**Problem details:** Output only the lines below from the one containing "Pork sausage fried" to the one containing "Exquisite English papier", exactly as written, both ends kept.

==== Extracted information ====

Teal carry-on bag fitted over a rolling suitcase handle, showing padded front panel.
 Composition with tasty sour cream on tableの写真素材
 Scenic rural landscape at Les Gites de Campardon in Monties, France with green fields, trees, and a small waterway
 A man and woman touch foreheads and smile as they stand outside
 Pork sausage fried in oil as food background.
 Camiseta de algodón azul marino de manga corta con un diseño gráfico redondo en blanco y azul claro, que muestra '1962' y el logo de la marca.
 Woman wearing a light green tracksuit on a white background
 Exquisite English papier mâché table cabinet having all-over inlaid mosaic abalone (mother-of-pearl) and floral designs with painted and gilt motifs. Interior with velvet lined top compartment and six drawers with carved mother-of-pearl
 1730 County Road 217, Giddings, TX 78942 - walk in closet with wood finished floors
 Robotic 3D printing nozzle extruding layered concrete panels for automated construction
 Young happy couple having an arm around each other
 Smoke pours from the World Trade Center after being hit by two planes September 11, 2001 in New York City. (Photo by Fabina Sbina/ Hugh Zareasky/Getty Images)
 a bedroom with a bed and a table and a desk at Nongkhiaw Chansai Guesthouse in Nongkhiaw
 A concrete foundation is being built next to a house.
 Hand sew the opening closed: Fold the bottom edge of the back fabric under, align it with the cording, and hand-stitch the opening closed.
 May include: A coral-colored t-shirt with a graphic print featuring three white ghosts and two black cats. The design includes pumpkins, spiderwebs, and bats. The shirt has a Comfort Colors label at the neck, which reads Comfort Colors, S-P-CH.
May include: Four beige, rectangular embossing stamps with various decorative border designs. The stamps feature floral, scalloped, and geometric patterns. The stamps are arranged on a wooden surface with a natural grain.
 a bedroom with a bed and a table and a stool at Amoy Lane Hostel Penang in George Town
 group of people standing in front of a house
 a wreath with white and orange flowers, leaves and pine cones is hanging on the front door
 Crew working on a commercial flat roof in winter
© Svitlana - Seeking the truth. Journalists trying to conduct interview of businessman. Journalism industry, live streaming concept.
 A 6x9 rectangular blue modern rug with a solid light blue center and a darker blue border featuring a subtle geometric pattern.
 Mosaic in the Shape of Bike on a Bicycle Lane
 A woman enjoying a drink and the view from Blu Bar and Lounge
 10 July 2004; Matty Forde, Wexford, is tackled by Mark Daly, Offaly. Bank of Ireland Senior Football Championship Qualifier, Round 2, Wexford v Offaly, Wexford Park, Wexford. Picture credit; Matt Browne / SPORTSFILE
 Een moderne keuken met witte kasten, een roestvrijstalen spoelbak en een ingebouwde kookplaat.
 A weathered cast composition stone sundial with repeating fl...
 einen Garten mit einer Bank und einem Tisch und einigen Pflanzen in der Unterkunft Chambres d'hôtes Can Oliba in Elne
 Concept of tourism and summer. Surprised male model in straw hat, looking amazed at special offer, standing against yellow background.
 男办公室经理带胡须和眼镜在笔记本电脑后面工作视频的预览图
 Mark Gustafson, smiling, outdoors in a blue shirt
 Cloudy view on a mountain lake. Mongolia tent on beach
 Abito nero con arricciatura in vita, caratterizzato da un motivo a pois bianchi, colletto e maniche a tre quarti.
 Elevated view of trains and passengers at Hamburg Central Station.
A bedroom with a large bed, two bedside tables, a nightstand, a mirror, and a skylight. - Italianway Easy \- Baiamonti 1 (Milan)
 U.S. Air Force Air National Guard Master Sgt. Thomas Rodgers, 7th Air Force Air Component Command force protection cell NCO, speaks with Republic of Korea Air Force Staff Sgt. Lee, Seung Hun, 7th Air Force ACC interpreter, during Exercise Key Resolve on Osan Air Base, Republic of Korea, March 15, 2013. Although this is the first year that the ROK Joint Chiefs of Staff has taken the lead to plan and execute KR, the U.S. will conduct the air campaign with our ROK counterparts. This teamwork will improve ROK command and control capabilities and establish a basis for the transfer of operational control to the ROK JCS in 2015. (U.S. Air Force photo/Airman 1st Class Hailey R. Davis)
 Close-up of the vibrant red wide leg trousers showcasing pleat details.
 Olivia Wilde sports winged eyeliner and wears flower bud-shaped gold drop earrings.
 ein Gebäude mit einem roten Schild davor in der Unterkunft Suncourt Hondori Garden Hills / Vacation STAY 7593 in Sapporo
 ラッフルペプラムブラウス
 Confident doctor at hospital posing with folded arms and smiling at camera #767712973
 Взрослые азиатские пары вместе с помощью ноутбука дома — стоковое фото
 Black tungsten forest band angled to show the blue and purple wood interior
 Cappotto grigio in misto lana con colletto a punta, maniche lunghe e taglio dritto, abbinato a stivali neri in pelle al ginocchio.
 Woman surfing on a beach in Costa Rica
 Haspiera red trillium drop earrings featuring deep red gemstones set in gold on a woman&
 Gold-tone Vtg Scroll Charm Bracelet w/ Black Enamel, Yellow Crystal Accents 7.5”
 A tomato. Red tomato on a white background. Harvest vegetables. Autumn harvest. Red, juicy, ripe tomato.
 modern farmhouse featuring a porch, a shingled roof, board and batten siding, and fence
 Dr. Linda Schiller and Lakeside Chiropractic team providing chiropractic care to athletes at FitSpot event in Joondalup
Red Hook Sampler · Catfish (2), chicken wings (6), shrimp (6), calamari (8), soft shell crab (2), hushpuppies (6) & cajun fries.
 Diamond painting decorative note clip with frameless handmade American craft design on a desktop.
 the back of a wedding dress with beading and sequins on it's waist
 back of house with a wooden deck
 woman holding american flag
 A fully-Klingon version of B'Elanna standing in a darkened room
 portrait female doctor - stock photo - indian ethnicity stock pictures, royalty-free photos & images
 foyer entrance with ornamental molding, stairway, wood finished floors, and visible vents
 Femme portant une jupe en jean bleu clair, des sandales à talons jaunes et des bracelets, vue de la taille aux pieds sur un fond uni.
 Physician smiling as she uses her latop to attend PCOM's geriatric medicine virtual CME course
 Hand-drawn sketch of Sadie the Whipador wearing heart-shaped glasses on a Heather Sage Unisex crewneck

====

**Finished task:**
 Pork sausage fried in oil as food background.
 Camiseta de algodón azul marino de manga corta con un diseño gráfico redondo en blanco y azul claro, que muestra '1962' y el logo de la marca.
 Woman wearing a light green tracksuit on a white background
 Exquisite English papier mâché table cabinet having all-over inlaid mosaic abalone (mother-of-pearl) and floral designs with painted and gilt motifs. Interior with velvet lined top compartment and six drawers with carved mother-of-pearl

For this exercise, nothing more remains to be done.